> _To do_
Write all entries out exactly, images excluded.

Web page caption snippets:
▶
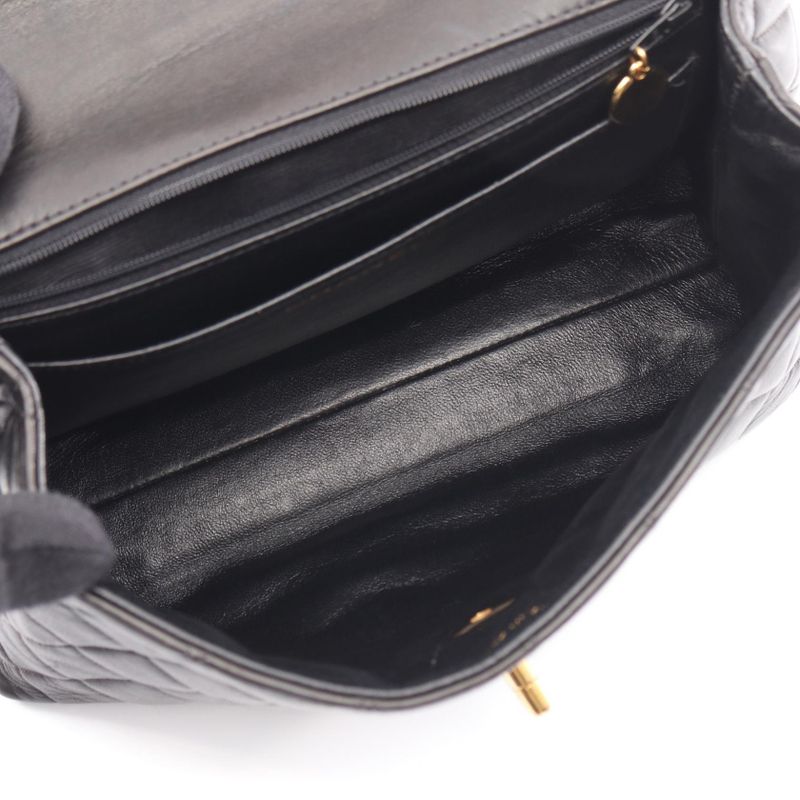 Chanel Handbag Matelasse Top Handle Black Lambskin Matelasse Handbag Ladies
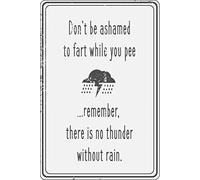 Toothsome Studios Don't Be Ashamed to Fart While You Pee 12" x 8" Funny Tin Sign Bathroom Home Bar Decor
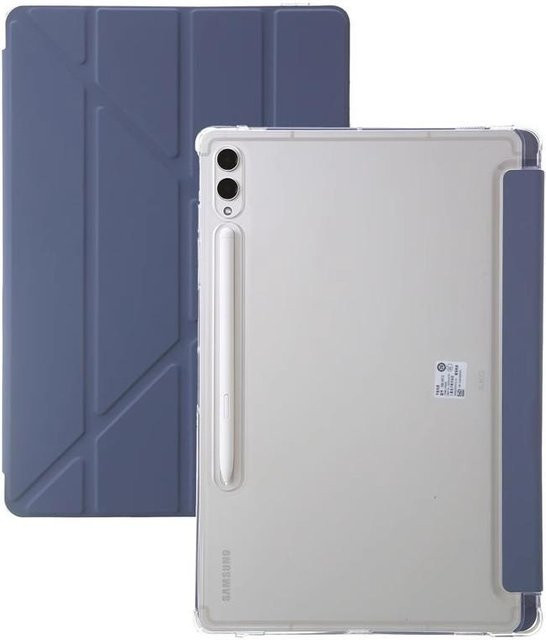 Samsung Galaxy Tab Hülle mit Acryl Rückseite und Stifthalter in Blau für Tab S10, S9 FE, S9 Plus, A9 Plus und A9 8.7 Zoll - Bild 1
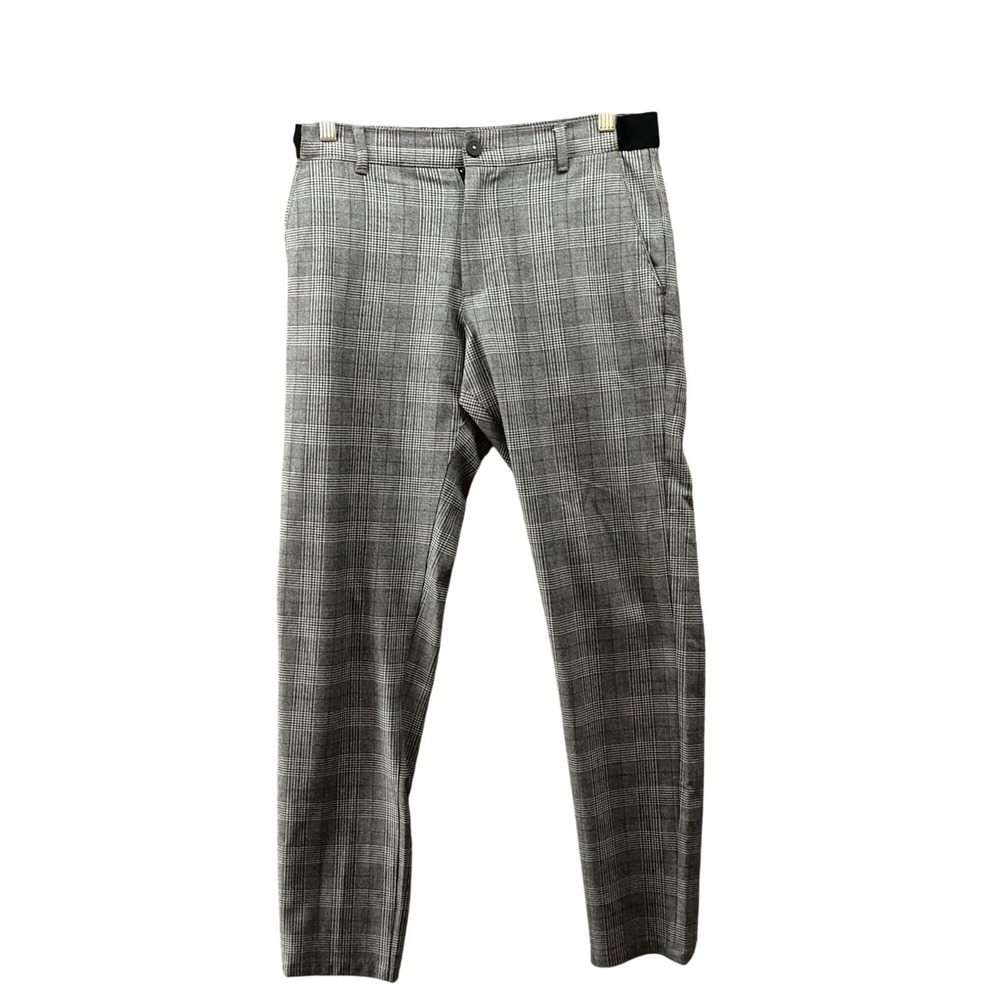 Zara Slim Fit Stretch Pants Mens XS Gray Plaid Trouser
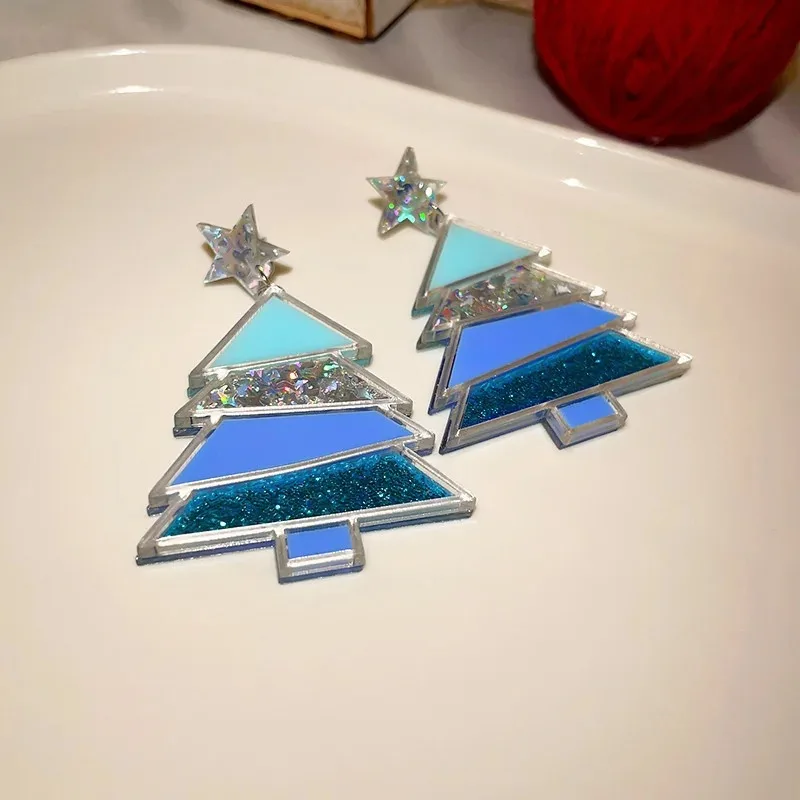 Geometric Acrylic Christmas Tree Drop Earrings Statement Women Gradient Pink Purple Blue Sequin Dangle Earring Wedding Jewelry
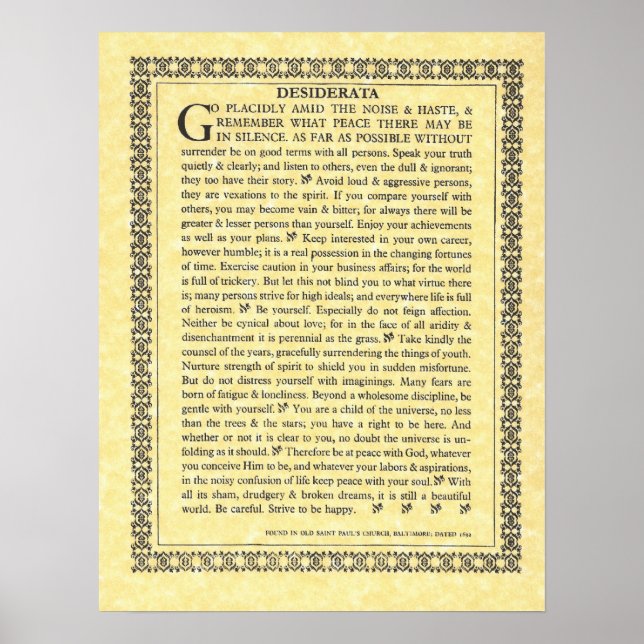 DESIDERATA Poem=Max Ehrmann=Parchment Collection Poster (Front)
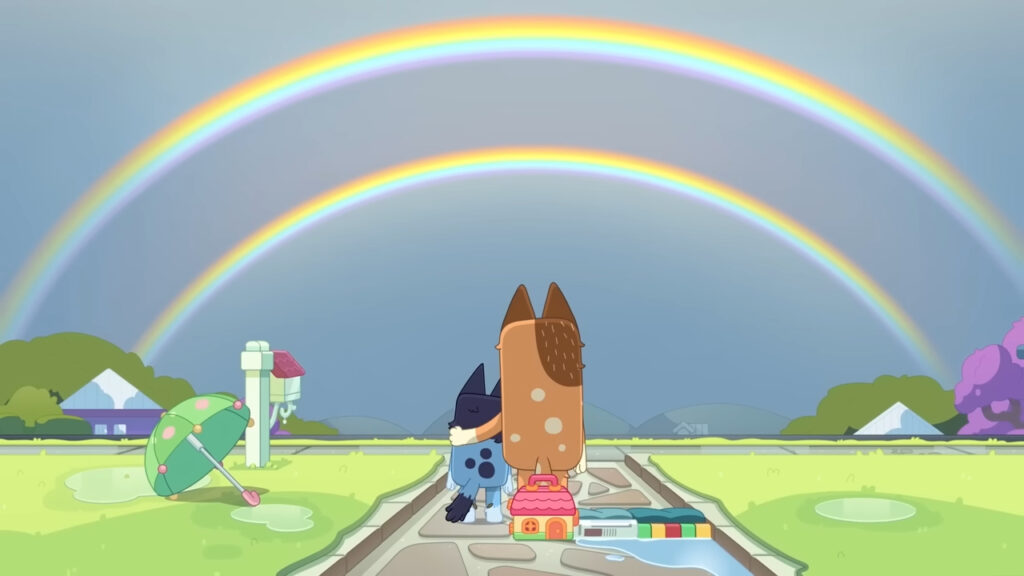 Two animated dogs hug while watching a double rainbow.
◀
> _Response area_
 Chanel Handbag Matelasse Top Handle Black Lambskin Matelasse Handbag Ladies
 Toothsome Studios Don't Be Ashamed to Fart While You Pee 12" x 8" Funny Tin Sign Bathroom Home Bar Decor
 Samsung Galaxy Tab Hülle mit Acryl Rückseite und Stifthalter in Blau für Tab S10, S9 FE, S9 Plus, A9 Plus und A9 8.7 Zoll - Bild 1
 Zara Slim Fit Stretch Pants Mens XS Gray Plaid Trouser
 Geometric Acrylic Christmas Tree Drop Earrings Statement Women Gradient Pink Purple Blue Sequin Dangle Earring Wedding Jewelry
 DESIDERATA Poem=Max Ehrmann=Parchment Collection Poster (Front)
 Two animated dogs hug while watching a double rainbow.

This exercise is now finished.